Mit der Tatsache, daß viele Jugendliche ständig ein Messer bei sich haben, müssen die Einrichtungen offenbar leben. „Deshalb ein Hausverbot in dem Projekt zu erteilen wäre Blödsinn. Dann kann man das Haus gleich dichtmachen“, heißt es. Viele Auseinandersetzungen unter den Gruppen finden zwar vor der Tür auf der Straße statt, aber auch drinnen kommt es häufig zum Streß. Mutwillige Zerstörungen des Mobiliars, ständige Provokationen, auch Mitarbeiter wurden schon verprügelt.

In einem Freizeitprojekt hatten es Sozialarbeiter gewagt, einen 13jährigen Jungen anzuzeigen, der ein Mädchen mehrfach sexuell belästigt hatte. Der strafunmündige Knabe holte daraufhin seine Freunde und Familienangehörigen, die die Kinder, die als Zeugen aussagen wollten regelrecht bedrohten. „Wenn man mit einem Streß hat, hat man schnell alle anderen am Bein“, haben auch andere Projekte erfahren. In einem anderen Projekt wurde eine ganze Fußballmannschaft von den Brüdern und Freunden eines kleinen Jungen aufgemischt.
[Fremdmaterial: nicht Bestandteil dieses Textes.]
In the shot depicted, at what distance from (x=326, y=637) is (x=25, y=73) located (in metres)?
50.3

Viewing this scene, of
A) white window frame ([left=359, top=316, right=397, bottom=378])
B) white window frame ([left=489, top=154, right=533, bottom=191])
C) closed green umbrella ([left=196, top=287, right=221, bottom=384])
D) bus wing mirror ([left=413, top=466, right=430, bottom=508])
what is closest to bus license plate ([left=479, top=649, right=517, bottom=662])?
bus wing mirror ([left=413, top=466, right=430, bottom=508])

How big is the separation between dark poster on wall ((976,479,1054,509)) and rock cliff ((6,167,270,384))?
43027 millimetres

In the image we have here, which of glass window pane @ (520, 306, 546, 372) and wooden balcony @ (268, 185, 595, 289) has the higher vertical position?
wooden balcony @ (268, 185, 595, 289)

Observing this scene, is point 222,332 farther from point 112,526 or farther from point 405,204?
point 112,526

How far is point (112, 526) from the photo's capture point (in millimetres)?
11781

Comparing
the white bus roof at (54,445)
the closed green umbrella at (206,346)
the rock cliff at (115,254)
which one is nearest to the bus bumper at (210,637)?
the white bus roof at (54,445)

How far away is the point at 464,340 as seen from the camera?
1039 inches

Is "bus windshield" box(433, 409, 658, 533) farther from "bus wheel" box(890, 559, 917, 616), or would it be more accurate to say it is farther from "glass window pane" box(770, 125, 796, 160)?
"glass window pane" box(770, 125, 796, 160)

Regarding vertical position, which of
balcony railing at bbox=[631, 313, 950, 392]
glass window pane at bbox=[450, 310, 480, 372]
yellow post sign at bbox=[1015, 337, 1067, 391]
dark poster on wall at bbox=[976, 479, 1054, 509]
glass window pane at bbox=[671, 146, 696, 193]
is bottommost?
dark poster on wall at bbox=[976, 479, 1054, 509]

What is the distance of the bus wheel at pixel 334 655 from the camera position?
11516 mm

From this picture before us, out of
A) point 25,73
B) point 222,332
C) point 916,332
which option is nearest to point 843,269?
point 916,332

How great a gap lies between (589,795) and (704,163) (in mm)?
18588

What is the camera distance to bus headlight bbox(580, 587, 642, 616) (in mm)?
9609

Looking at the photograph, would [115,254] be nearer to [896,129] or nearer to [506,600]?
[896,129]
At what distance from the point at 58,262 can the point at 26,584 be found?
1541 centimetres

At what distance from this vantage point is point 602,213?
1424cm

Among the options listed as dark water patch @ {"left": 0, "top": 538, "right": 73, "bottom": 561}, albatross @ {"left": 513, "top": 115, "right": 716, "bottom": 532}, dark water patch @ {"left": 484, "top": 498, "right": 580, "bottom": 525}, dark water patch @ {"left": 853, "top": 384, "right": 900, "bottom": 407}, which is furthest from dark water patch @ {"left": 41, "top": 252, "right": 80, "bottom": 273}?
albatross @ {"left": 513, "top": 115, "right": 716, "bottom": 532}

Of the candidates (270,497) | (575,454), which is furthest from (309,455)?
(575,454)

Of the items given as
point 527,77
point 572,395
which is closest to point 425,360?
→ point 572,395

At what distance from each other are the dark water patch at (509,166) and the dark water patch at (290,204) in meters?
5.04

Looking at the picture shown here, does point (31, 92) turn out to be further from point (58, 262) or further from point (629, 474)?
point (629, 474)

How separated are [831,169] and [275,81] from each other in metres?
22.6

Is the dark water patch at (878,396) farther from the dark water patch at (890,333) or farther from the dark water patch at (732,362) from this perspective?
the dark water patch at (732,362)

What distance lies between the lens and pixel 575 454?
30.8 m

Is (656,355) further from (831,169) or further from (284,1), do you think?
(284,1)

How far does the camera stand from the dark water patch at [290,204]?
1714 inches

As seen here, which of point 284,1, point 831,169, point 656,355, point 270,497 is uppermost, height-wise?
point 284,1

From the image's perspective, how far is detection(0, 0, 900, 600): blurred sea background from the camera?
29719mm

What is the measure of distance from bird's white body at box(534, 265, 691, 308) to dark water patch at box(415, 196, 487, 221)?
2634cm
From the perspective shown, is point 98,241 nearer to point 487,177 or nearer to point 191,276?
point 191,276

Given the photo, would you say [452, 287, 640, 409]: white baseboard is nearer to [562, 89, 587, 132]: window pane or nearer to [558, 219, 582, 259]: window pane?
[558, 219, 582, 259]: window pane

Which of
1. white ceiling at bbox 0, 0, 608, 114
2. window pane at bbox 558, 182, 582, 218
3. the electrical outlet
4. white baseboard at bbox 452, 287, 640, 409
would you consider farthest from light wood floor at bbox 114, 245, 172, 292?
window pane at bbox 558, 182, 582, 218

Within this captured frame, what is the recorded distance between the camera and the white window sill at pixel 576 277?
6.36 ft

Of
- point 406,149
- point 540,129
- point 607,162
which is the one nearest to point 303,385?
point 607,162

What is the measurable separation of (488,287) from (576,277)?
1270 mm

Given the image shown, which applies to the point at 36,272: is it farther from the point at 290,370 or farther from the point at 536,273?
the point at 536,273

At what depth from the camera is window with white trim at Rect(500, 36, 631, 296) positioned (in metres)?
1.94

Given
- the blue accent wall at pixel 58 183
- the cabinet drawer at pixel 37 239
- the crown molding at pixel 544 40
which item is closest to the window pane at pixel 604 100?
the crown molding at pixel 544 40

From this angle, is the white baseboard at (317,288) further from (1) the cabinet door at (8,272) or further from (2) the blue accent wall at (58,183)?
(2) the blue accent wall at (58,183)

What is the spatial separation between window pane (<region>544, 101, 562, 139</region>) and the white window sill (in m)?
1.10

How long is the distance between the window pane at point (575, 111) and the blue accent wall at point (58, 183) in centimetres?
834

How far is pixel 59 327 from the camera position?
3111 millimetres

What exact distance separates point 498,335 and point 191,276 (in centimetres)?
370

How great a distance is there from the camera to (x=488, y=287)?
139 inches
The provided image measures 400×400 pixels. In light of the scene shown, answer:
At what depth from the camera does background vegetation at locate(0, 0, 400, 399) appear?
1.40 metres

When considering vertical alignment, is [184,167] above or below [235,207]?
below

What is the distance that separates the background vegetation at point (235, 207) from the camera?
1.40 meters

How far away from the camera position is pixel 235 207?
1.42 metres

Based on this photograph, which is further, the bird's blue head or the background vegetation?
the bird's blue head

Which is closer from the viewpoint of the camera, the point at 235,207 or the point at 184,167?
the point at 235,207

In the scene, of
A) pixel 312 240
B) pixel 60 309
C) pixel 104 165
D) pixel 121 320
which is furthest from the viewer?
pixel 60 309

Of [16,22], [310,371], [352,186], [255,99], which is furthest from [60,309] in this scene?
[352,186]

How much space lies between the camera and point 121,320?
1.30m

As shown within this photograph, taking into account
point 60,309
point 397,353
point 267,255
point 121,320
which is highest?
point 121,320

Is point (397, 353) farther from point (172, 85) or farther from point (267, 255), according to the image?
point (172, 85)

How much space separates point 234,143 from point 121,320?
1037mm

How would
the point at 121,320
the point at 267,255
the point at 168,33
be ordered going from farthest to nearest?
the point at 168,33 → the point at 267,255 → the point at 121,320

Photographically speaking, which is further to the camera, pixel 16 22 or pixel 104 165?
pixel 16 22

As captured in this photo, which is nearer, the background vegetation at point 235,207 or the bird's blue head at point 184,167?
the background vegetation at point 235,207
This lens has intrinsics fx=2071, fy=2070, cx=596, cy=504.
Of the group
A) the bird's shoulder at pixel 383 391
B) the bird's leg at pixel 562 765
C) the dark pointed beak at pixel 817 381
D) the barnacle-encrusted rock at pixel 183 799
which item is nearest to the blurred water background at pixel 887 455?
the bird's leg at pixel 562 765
Der Anlaß: Die Mannschaft hatte es gewagt, das Kind vor die Hallentür zu setzen, nachdem es partout nicht damit aufhören wollte, mit seinem Ball das Spiel der anderen zu stören. „Wenn man dagegen aufbegehrt, muß man im gleichen Atemzug sagen, die Deutschen sind aber noch schlimmer, sonst ist man gleich ein Rassist“, bedauert einer. „Das verhindert die überfällige Diskussion.“

Unsicherheit und Ohnmachtsgefühle machen sich bei den Sozialarbeitern breit. Die wenigsten können Türkisch, türkische Kollegen in den Teams sind die absolute Minderheit. Man sei nur noch „am Löschen“, komme nicht mehr dazu, Gespräche zu führen und sich den Kleinen, Leisen und Schwachen zu widmen. Dabei seien die Jugendeinrichtungen für viele türkische Kids die einzige Ansprechstelle für ihre Probleme. „Die Eltern kapseln sich ab. Die Kinder wachsen auf der Straße auf.“ Die gläubigen Muslims unter den Jugendlichen, hat ein Sozialarbeiter beobachtet, seien meist nicht so hart drauf wie diejenigen Kids, die ohne Werte zwischen den Kulturen aufwüchsen. „Die Stühle rutschen doch immer weiter auseinander. Wenn sie keine eigenen Werte haben, holen sie sich die woanders.“

Das Projekteplenum fordert, daß die Einrichtungen durch Personalaufstockung, Fortbildungen und ähnliches in die Lage versetzt werden, richtige „Beziehungsarbeit“ leisten zu können, denn nur so könnten den Kids Werte vermittelt werden. Wenn die Jugendprojekte aber weiter unter dem Diktat des Rotstifts zusammengeschmolzen würden, stehe damit „langfristig das demokratische Gemeinwesen zur Disposition“. Eines ist den Projekten jedoch vollkommen klar: Das Hauptproblem der Jugendlichen ist ihre Perspektivlosigkeit, und die kann selbst der beste Sozialarbeiter nicht lösen.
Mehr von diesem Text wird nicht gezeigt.